The UMB CURE Scholars have been participating in the AHA’s annual Greater Maryland Heart Walk for the past five years. The walk is all about coming together, getting hearts pumping, and raising life-saving funds for heart disease and stroke research. The CURE Scholars are learning about philanthropy and staying healthy.

“So many of us have been personally impacted by heart disease and stroke,” says Diane Aten, MS, the associate director of development for the University of Maryland School of Medicine and a volunteer on UMB’s AHA committee. “I lost my father to heart disease a few years ago, and this connection to the cause motivates me to stay involved with the AHA each year to help raise money for heart disease and stroke research.”

The Heart Walk normally takes place in person but this year, because of the COVID-19 pandemic, organizers decided to create a weeklong digital Heart Walk Experience, which took place Oct. 5-10. The week included heart-healthy activities such as virtual chair yoga and virtual cooking classes.
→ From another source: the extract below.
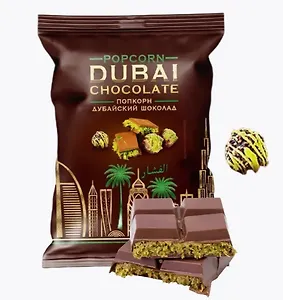 Попкорн карамельный со вкусом фисташки «Дубайский шоколад», 65г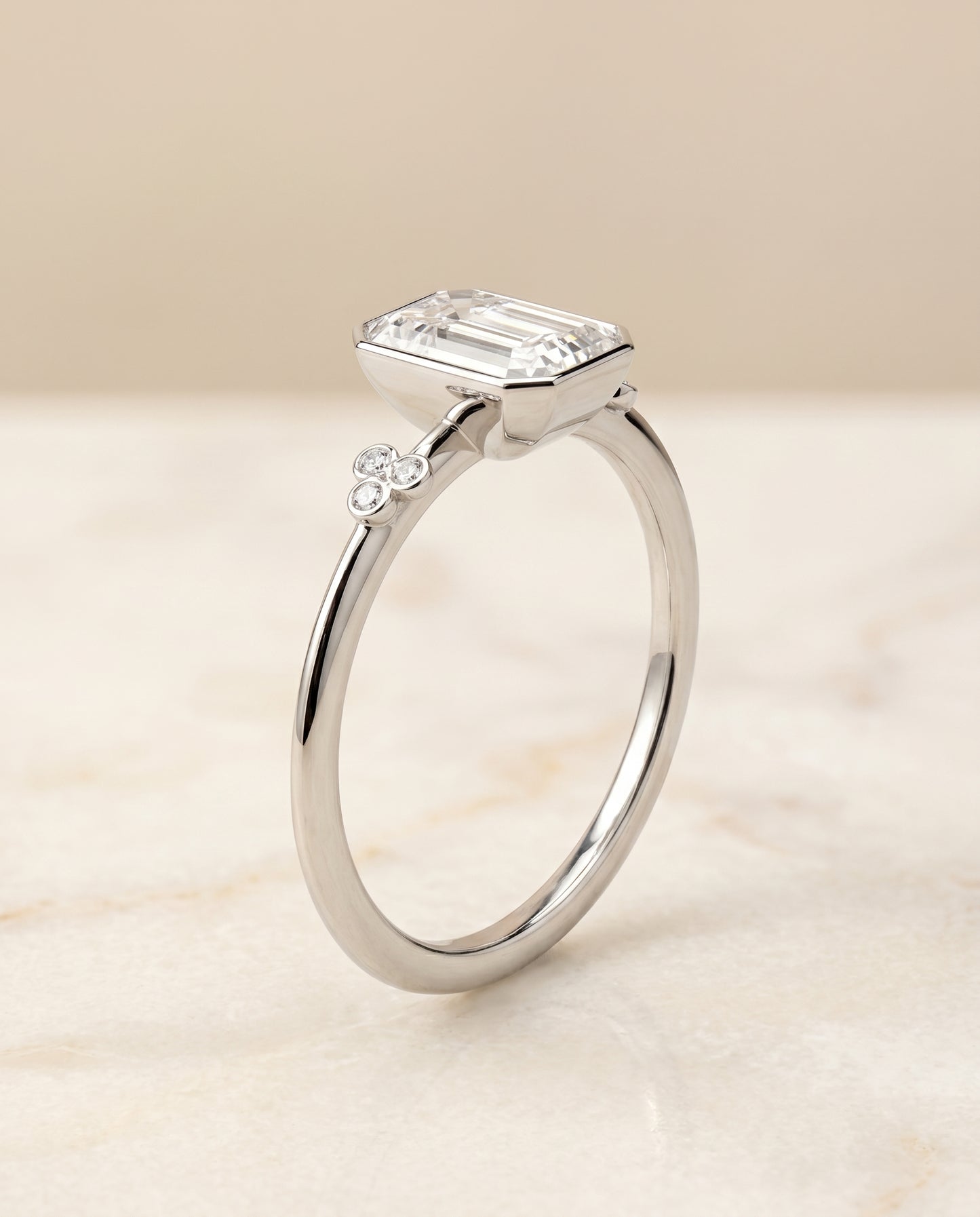 The Selena Toi et Moi Engagement Ring Setting for Emerald Diamonds in 18K White Gold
(See full list of events here.)

Even though the digital event is over, donations are still being accepted through Dec. 31. UMB’s 2020 Committee has raised $7,015 and would like to raise $10,000 by the end of the year. The CURE Scholars hope to help raise $2,500 worth of donations toward that $10,000 goal.

(Donate to the UMB CURE Scholars Heart Walk Team.)

Not only is this digital walk a way to raise money for a good cause, but it also creates a wonderful learning opportunity for the CURE Scholars participating in the event.

This year, many CURE Scholar mentors raised funds in honor of the CURE Scholars. 

“I think it is important at any age to understand what challenges and obstacles others in your community face," says Chelsea Okeh, a CURE Scholars mentor and participant in this year’s digital Heart Walk. "Heart health affects most people in the United States in one way or another, and by lessening the degrees of separation and uncovering the unknown nature of it, the CURE Scholars can start understanding that it is an issue of great magnitude and one that they can solve. With participation in events like this, the issue at hand is made more real and its impact is seen with urgency as something that can be eradicated with dedication.”

According to the AHA website, almost half of those hospitalized with COVID-19 are stroke survivors or people with heart disease, which puts them more at risk for health complications. Recent studies have also raised concerns of inflammation of the heart muscle after recovery from COVID-19. Donations from this fundraiser will help fast-track research and train front-line workers while also continuing the fight against heart disease and stroke.

“I’m so happy to have the opportunity to help people with heart disease,” says Shereen. “I’ve learned about the high rates of heart disease and this is a chance to help people who can't help themselves.”